--- START ---
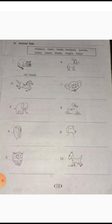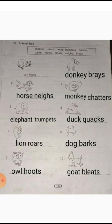Duck quacks. Then the ninth one — it's a dog. Write: dog. Dog barks. Write: dog barks. Then the tenth one, the last one — it's a goat. Write: goat. Goat bleats.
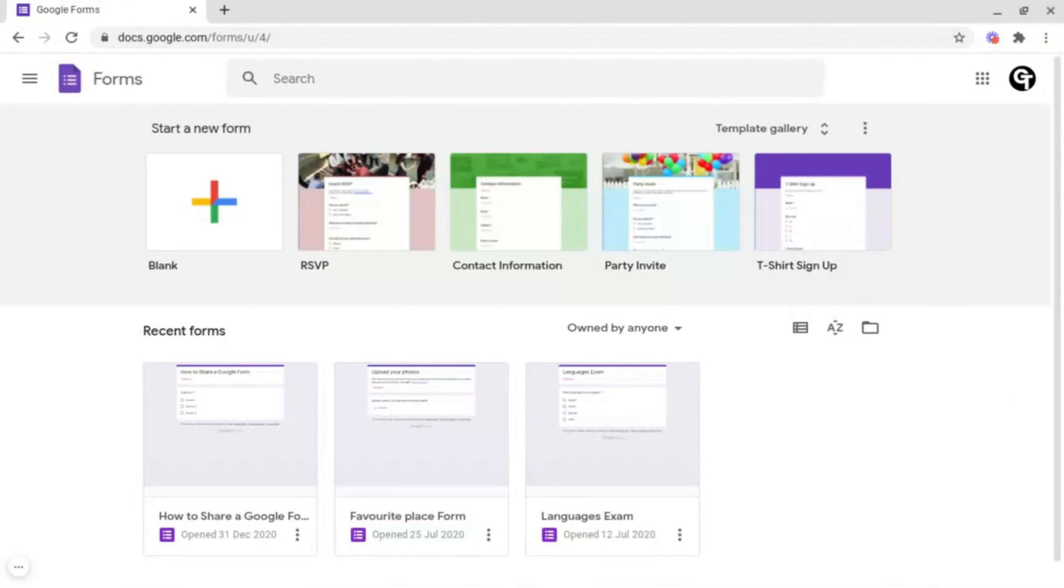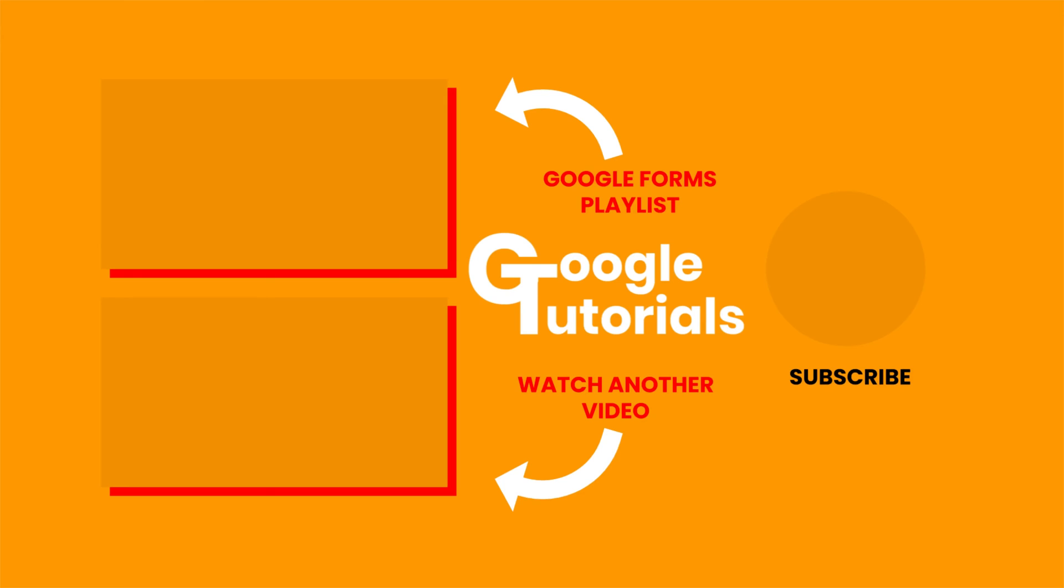Thank you so much for watching, and I'll see you soon. Bye.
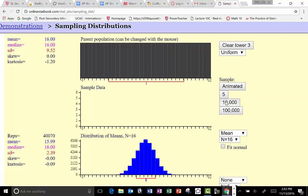What if we did it 30,000, 40,000, 70,000, even 100,000 times? We see that the mean of all the sample means is 16 — the same as the true population mean — and the standard deviation of all the sample means is 2.38, which is precisely, exactly one quarter of the population standard deviation. We had a sample of size 16, and the standard deviation of the sampling distribution is one quarter that of the underlying distribution.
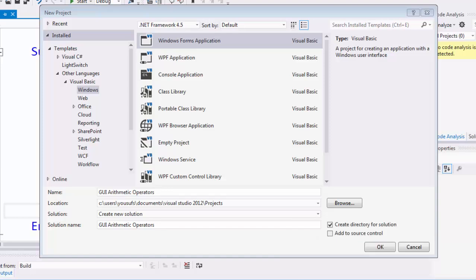Hello and welcome to another Intro to Programming tutorial. In this tutorial we will be exploring how we can take input through a form element and use arithmetic operators with them.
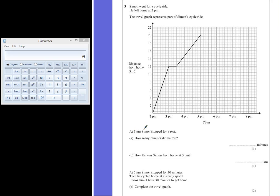At 3pm, Simon stopped for a rest. This is shown by a straight line that goes horizontally across the graph. The distance doesn't increase. Question A: How many minutes did he rest?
--- END ---
**Directions for this task:** Reproduce the material word for word, minus the images.

**Result:**
Duck quacks. Then the ninth one — it's a dog. Write: dog. Dog barks. Write: dog barks. Then the tenth one, the last one — it's a goat. Write: goat. Goat bleats.
Thank you so much for watching, and I'll see you soon. Bye.
What if we did it 30,000, 40,000, 70,000, even 100,000 times? We see that the mean of all the sample means is 16 — the same as the true population mean — and the standard deviation of all the sample means is 2.38, which is precisely, exactly one quarter of the population standard deviation. We had a sample of size 16, and the standard deviation of the sampling distribution is one quarter that of the underlying distribution.
Hello and welcome to another Intro to Programming tutorial. In this tutorial we will be exploring how we can take input through a form element and use arithmetic operators with them.
At 3pm, Simon stopped for a rest. This is shown by a straight line that goes horizontally across the graph. The distance doesn't increase. Question A: How many minutes did he rest?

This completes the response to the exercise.